知識には「浅い知識」と「深い知識」がある。浅い知識は、専門家が体験で学んだもので、実用的だが理論的な裏付けがない。深い知識は、理論的に導かれるもので正確だが、現場ですぐに適用できるとは限らない。
例えば「煮立ったら、火を弱めても調理時間は変わらない」というのは浅い知識である。本文で紹介した「発色を良くするには音を立ててかき混ぜる」もそうだ。「煮立ったら火を弱める」というルールは覚えやすいし役に立つ。しかし、どの程度火を弱めていいのか、このルールでは判断できない。
一方「水の沸点は大気圧では摂氏100度であり、液体は沸点より高い温度にはならない」というのは深い知識である。深い知識はそれだけでは役に立たない。
しかし、煮立った状態が沸騰している状態であることに気付けば「煮立ったら沸騰状態を維持できる程度に火を弱めてよい」という結論を導ける。
深い知識を現場に適用するには、現象と理論を結びつけるための推論が必要である。そのため、気付くのに時間がかかるかもしれない。しかし、初めて出合う現象に対して応用が利くのは深い知識である。

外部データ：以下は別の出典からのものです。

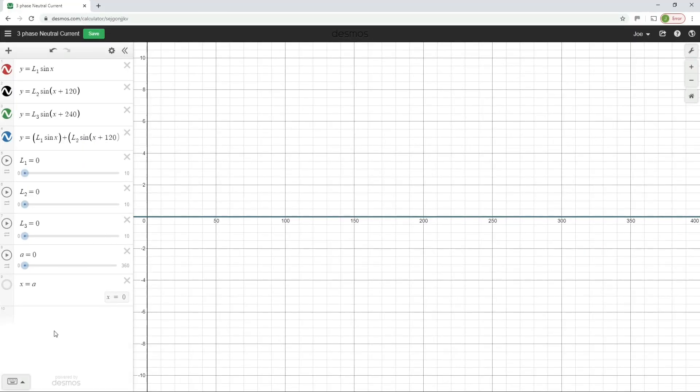Hello and welcome to this Electrical Principles training video. In this video we're just going to have a little bit of a further look at the subject of the neutral current in a three-phase system.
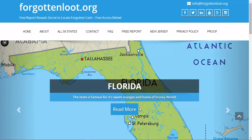Instantly, within a matter of seconds, you'll grab this free report and you can check it out. Once you get this free report, you open it up on your computer. Make sure you have a PDF reader — if you don't, let me know and I'll put a link on the download page where you can download it. But most computers have a PDF reader already.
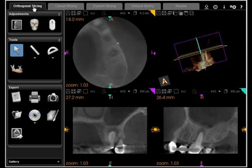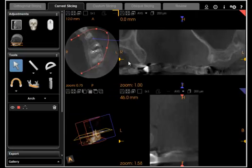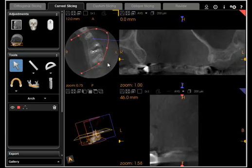Next we move from the orthogonal slicing tab to the curve slicing tab. Obviously portions of the dental anatomy and dental arch are not straight, as the orthogonal slices are just strictly straight planar slices.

浅い知識は「経験」、深い知識は「理論」である。経験だけでは応用が利かないし、理論だけでは迅速な判断ができない。両方のバランスを取ることが重要だ。
そしてもう1つ。深い知識を現実に応用するだけの想像力も重要である。気圧が下がると沸点が下がることを知っていれば、高地でご飯を美味しく炊くには圧力釜が必要なことが予想できるだろう。しかし、高地では気圧が低いことに気付く想像力がなければどんな知識も無価値である。こうした想像力は経験を積むことで得られることも多いが、経験が必須というわけではない。十分な知識があれば分かることだ。
経験することも大事だが、知識を得ることはもっと大事である。ぜひ、体系的な深い知識を習得するように心がけて欲しい。